Manatee Village Historical Park, Bradenton, Florida

August 12, 2018  •  Leave a Comment

This week I visited the Manatee Village Historical Park located in Brandenton, Florida.  It was a rainy day, but I thought it would keep most people away and I could duck into the buildings while it was raining.  My plan worked well and I enjoyed visiting the various buildings at this location.  I visited the train first as I figured it was about to rain and not yet raining - known as "Old Cabbage Head".  Interesting old steam engine, a quick snap photo, with the thunder rolling in the background!  Old Cabbage Head was built in 1913 by Baldwin Locomotive Works of Philadelphia, Pennsylvania.  The engine was originally built for the Taylor County Lumber Company in North Florida and used to haul timber.

My next stop was at the Stephens House.  A nice cracker gothic style home built in 1912 by Will Stephens family from pine trees on the family homestead, established in 1894 in what was Manatee County, but has since become Hardee County.  This particular house I did not get exterior photographs as it was raining.  The room to the immediate right has an organ among the furnishings.  As for the little cow on the organ, I forgot to ask what the story is behind this because they appear to be in every building - just a matter of finding them.
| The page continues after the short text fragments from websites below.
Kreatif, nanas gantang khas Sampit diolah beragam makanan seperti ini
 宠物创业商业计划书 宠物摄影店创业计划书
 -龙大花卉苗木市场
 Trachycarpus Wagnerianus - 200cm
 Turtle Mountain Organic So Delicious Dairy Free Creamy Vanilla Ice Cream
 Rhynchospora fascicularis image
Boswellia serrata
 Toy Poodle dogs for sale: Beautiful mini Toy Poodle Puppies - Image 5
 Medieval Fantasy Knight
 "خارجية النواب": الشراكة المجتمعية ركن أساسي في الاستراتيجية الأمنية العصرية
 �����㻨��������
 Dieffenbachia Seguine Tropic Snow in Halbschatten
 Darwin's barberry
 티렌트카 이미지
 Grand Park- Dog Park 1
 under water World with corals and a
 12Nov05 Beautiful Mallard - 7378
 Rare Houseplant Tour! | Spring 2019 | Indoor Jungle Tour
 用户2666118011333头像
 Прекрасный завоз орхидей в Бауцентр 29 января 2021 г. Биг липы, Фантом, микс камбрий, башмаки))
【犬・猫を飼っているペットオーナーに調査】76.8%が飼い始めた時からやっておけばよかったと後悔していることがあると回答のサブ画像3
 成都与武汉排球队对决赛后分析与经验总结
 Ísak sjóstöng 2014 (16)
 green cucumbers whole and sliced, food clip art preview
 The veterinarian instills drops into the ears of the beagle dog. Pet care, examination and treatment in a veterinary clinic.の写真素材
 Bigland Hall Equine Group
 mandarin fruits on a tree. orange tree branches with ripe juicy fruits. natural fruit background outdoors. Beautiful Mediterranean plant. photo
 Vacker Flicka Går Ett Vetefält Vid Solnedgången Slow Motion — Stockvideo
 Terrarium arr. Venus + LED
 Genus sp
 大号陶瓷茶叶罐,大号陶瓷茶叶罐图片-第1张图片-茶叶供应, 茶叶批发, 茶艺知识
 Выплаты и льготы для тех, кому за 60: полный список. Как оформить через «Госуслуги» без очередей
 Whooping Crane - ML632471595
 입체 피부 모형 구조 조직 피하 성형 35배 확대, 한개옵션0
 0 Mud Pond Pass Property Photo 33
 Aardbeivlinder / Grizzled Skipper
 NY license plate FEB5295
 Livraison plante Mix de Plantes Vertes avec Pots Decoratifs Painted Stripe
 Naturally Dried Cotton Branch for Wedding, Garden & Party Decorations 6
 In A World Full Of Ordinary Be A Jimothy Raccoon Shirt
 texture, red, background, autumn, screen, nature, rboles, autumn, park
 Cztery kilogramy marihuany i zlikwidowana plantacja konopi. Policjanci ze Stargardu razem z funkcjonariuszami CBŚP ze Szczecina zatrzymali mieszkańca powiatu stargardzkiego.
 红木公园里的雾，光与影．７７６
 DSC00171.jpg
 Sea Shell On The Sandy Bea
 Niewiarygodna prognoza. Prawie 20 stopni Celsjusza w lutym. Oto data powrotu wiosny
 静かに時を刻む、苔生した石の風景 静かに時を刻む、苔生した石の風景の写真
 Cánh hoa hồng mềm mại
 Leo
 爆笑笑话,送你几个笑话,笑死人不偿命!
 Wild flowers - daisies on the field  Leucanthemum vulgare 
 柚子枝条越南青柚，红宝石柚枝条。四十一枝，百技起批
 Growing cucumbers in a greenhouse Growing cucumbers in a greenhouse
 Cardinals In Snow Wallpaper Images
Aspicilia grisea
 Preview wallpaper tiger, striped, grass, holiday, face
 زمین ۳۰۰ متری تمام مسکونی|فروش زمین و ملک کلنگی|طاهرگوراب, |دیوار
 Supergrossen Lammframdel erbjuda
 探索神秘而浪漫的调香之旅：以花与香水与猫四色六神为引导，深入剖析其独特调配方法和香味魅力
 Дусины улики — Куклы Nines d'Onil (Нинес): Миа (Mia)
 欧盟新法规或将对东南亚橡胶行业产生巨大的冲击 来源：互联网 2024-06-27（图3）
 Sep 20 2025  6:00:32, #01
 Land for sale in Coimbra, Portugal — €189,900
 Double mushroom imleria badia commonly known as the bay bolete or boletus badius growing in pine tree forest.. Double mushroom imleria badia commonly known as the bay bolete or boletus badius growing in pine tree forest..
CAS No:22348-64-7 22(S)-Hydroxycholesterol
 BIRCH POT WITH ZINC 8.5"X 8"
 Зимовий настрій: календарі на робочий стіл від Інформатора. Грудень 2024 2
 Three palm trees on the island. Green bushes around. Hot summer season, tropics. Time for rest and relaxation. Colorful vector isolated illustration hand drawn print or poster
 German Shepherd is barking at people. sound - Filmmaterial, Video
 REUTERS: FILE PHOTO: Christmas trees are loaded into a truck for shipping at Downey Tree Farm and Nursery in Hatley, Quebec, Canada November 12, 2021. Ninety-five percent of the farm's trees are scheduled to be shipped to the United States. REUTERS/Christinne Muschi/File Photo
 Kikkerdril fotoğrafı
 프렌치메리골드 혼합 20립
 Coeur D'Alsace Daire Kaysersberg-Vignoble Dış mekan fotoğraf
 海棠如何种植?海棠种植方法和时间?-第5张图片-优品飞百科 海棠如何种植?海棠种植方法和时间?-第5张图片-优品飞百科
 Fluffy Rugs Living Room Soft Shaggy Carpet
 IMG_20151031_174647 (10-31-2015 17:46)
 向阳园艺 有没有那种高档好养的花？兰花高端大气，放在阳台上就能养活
The rain let up, I headed over to the old court house building quickly before the next rain set in.  This building is Manatee County's first Courthouse, built in 1860.  It is the oldest building in the park and the oldest remaining building built as a courthouse in the entire state of Florida!

As I entered the small courthouse, I realize that is is not a large building - the benches are just inside the doorway and behind the judge's desk is a room on the left and another one on the right. The interior of the courthouse (taken with a wide angle lens to try and get most of the interior in the photograph).  The doorway on the right appears to be a 'law room' as it has several books.  The room on the left has desk/table and chair.

This courthouse was built for $700.  In today's world, I am wondering if we could get a small shed built for that price?  I spent a good amount of time in the courthouse as it was raining very hard along with thunder and lighting.  Eventually, it let up and I ran over to the old school house building which was closest to the courthouse.

This school house, the Bunker Hill School, was built in 1908.  Bunker Hill is located in northeast Manatee County.  Children attended school from first through eighth grades.  At the time this school was built, school days were from 8am to 4:30pm and the school year was from August through December.  Eventually, the school year increased to ten months.  The interior of the school house.

As I watched the rain fall, I looked out through the windows and the doorway to determine where I wanted to dash to next.  There were several buildings nearby, but none appeared to have shelter where I could get indoors (I didn't get to visit any of those).  My next stop was the church also known as the "old Meeting House".  This is a view of the church from the doorway of the school house.

A view of the church from the doorway of the court house.  You can see that everything is wet, and at this point I think I was the only visitor at the park.  Eventually a few families did come to visit as they are open 2 Saturday's a month (2nd and 4th Saturdays).

The interior of the church is simple, yet functional.  The church is available for weddings if you're interested!  The grounds of this park are beautiful with all the large old oak trees and brick walkways.

This concludes my tour of this historical park.  Another trip sometime in the future will potentially allow for visiting the other buildings as well as the old cemetery I eyed through the rain. The old cemetery appears to be the "1850 Manatee Burying Ground" and is associated with the village.  If you want to explore it, you must ask for the key at the gift shop or the park office located on the second floor of the Wiggins Store - so it is locked and secured.

A donation is asked to help support this historical park, but no fee is required.  The historical park is pet friendly, but with the impending bad weather and no animals in the buildings themselves, I left all my furry friends at home in the air conditioning.